Task: Give the records again exactly, with every character kept.

Task inputs:

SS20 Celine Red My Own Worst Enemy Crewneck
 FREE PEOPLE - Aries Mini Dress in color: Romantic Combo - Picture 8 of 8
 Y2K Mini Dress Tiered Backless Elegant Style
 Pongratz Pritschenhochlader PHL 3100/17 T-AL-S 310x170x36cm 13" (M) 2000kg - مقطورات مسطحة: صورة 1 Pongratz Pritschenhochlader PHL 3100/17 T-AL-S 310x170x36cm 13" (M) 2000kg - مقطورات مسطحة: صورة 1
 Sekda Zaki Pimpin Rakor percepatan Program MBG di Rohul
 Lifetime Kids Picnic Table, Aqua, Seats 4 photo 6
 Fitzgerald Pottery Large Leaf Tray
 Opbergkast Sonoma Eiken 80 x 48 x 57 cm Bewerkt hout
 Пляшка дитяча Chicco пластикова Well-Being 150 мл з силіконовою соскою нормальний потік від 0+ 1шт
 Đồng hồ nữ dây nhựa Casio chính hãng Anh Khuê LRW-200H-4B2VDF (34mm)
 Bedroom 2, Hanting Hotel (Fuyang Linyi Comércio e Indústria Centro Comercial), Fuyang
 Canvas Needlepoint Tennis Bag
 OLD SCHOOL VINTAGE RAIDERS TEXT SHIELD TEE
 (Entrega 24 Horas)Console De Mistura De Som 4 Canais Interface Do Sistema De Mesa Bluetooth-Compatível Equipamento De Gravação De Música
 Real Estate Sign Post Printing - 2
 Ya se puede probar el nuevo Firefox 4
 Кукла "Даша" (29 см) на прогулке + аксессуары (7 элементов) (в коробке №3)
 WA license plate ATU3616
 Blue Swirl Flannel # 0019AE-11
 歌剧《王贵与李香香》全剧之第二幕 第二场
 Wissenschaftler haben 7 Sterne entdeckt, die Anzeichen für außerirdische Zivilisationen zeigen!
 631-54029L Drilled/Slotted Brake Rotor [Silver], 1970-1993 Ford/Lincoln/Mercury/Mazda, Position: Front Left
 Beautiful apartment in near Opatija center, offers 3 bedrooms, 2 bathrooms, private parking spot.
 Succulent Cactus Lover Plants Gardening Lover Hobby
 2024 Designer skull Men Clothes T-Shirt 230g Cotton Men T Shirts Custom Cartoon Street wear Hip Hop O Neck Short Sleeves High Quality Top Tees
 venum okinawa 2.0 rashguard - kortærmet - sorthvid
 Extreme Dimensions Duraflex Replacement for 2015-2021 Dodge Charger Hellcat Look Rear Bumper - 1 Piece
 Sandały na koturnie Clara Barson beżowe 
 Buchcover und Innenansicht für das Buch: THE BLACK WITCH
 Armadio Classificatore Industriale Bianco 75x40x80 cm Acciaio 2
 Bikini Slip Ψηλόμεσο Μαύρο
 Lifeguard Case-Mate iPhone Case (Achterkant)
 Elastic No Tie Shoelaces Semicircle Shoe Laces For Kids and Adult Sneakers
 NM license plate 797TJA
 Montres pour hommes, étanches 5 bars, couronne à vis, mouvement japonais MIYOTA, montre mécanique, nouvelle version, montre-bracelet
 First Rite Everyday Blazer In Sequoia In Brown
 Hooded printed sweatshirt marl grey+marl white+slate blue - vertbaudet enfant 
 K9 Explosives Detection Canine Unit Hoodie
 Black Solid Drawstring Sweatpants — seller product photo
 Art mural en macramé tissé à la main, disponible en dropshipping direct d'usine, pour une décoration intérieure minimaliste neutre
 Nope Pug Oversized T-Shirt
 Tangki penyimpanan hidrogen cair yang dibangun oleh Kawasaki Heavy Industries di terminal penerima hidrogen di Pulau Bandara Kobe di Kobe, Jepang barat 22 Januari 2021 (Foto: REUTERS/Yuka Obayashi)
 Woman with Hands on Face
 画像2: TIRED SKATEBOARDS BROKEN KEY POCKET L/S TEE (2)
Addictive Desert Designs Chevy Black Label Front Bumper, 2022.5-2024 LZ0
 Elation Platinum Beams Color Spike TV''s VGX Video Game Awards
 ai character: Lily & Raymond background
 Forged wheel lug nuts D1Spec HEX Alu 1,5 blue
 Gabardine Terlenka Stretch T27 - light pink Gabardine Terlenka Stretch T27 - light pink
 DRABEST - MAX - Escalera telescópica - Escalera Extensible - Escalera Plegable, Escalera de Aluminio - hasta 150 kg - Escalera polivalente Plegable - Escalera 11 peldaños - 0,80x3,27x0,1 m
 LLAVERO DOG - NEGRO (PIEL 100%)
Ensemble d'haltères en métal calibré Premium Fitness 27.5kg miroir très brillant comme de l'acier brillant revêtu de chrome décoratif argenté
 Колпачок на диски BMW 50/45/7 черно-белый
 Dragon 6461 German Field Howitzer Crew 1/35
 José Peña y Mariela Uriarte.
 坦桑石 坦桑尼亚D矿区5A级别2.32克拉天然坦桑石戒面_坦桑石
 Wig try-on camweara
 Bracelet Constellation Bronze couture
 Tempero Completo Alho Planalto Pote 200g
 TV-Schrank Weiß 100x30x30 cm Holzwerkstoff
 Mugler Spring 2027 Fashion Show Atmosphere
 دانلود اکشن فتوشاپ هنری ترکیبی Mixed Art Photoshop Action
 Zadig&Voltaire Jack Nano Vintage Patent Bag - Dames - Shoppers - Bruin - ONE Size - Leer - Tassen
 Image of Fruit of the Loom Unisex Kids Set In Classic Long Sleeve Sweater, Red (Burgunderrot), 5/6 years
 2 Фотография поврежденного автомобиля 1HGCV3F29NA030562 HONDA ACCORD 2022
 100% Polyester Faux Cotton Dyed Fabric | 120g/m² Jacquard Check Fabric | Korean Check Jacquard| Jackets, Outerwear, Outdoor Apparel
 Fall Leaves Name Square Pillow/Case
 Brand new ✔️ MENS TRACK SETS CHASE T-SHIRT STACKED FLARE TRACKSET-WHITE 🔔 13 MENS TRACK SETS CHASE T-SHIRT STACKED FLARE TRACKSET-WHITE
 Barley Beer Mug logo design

Result:
SS20 Celine Red My Own Worst Enemy Crewneck
 FREE PEOPLE - Aries Mini Dress in color: Romantic Combo - Picture 8 of 8
 Y2K Mini Dress Tiered Backless Elegant Style
 Pongratz Pritschenhochlader PHL 3100/17 T-AL-S 310x170x36cm 13" (M) 2000kg - مقطورات مسطحة: صورة 1 Pongratz Pritschenhochlader PHL 3100/17 T-AL-S 310x170x36cm 13" (M) 2000kg - مقطورات مسطحة: صورة 1
 Sekda Zaki Pimpin Rakor percepatan Program MBG di Rohul
 Lifetime Kids Picnic Table, Aqua, Seats 4 photo 6
 Fitzgerald Pottery Large Leaf Tray
 Opbergkast Sonoma Eiken 80 x 48 x 57 cm Bewerkt hout
 Пляшка дитяча Chicco пластикова Well-Being 150 мл з силіконовою соскою нормальний потік від 0+ 1шт
 Đồng hồ nữ dây nhựa Casio chính hãng Anh Khuê LRW-200H-4B2VDF (34mm)
 Bedroom 2, Hanting Hotel (Fuyang Linyi Comércio e Indústria Centro Comercial), Fuyang
 Canvas Needlepoint Tennis Bag
 OLD SCHOOL VINTAGE RAIDERS TEXT SHIELD TEE
 (Entrega 24 Horas)Console De Mistura De Som 4 Canais Interface Do Sistema De Mesa Bluetooth-Compatível Equipamento De Gravação De Música
 Real Estate Sign Post Printing - 2
 Ya se puede probar el nuevo Firefox 4
 Кукла "Даша" (29 см) на прогулке + аксессуары (7 элементов) (в коробке №3)
 WA license plate ATU3616
 Blue Swirl Flannel # 0019AE-11
 歌剧《王贵与李香香》全剧之第二幕 第二场
 Wissenschaftler haben 7 Sterne entdeckt, die Anzeichen für außerirdische Zivilisationen zeigen!
 631-54029L Drilled/Slotted Brake Rotor [Silver], 1970-1993 Ford/Lincoln/Mercury/Mazda, Position: Front Left
 Beautiful apartment in near Opatija center, offers 3 bedrooms, 2 bathrooms, private parking spot.
 Succulent Cactus Lover Plants Gardening Lover Hobby
 2024 Designer skull Men Clothes T-Shirt 230g Cotton Men T Shirts Custom Cartoon Street wear Hip Hop O Neck Short Sleeves High Quality Top Tees
 venum okinawa 2.0 rashguard - kortærmet - sorthvid
 Extreme Dimensions Duraflex Replacement for 2015-2021 Dodge Charger Hellcat Look Rear Bumper - 1 Piece
 Sandały na koturnie Clara Barson beżowe 
 Buchcover und Innenansicht für das Buch: THE BLACK WITCH
 Armadio Classificatore Industriale Bianco 75x40x80 cm Acciaio 2
 Bikini Slip Ψηλόμεσο Μαύρο
 Lifeguard Case-Mate iPhone Case (Achterkant)
 Elastic No Tie Shoelaces Semicircle Shoe Laces For Kids and Adult Sneakers
 NM license plate 797TJA
 Montres pour hommes, étanches 5 bars, couronne à vis, mouvement japonais MIYOTA, montre mécanique, nouvelle version, montre-bracelet
 First Rite Everyday Blazer In Sequoia In Brown
 Hooded printed sweatshirt marl grey+marl white+slate blue - vertbaudet enfant 
 K9 Explosives Detection Canine Unit Hoodie
 Black Solid Drawstring Sweatpants — seller product photo
 Art mural en macramé tissé à la main, disponible en dropshipping direct d'usine, pour une décoration intérieure minimaliste neutre
 Nope Pug Oversized T-Shirt
 Tangki penyimpanan hidrogen cair yang dibangun oleh Kawasaki Heavy Industries di terminal penerima hidrogen di Pulau Bandara Kobe di Kobe, Jepang barat 22 Januari 2021 (Foto: REUTERS/Yuka Obayashi)
 Woman with Hands on Face
 画像2: TIRED SKATEBOARDS BROKEN KEY POCKET L/S TEE (2)
Addictive Desert Designs Chevy Black Label Front Bumper, 2022.5-2024 LZ0
 Elation Platinum Beams Color Spike TV''s VGX Video Game Awards
 ai character: Lily & Raymond background
 Forged wheel lug nuts D1Spec HEX Alu 1,5 blue
 Gabardine Terlenka Stretch T27 - light pink Gabardine Terlenka Stretch T27 - light pink
 DRABEST - MAX - Escalera telescópica - Escalera Extensible - Escalera Plegable, Escalera de Aluminio - hasta 150 kg - Escalera polivalente Plegable - Escalera 11 peldaños - 0,80x3,27x0,1 m
 LLAVERO DOG - NEGRO (PIEL 100%)
Ensemble d'haltères en métal calibré Premium Fitness 27.5kg miroir très brillant comme de l'acier brillant revêtu de chrome décoratif argenté
 Колпачок на диски BMW 50/45/7 черно-белый
 Dragon 6461 German Field Howitzer Crew 1/35
 José Peña y Mariela Uriarte.
 坦桑石 坦桑尼亚D矿区5A级别2.32克拉天然坦桑石戒面_坦桑石
 Wig try-on camweara
 Bracelet Constellation Bronze couture
 Tempero Completo Alho Planalto Pote 200g
 TV-Schrank Weiß 100x30x30 cm Holzwerkstoff
 Mugler Spring 2027 Fashion Show Atmosphere
 دانلود اکشن فتوشاپ هنری ترکیبی Mixed Art Photoshop Action
 Zadig&Voltaire Jack Nano Vintage Patent Bag - Dames - Shoppers - Bruin - ONE Size - Leer - Tassen
 Image of Fruit of the Loom Unisex Kids Set In Classic Long Sleeve Sweater, Red (Burgunderrot), 5/6 years
 2 Фотография поврежденного автомобиля 1HGCV3F29NA030562 HONDA ACCORD 2022
 100% Polyester Faux Cotton Dyed Fabric | 120g/m² Jacquard Check Fabric | Korean Check Jacquard| Jackets, Outerwear, Outdoor Apparel
 Fall Leaves Name Square Pillow/Case
 Brand new ✔️ MENS TRACK SETS CHASE T-SHIRT STACKED FLARE TRACKSET-WHITE 🔔 13 MENS TRACK SETS CHASE T-SHIRT STACKED FLARE TRACKSET-WHITE
 Barley Beer Mug logo design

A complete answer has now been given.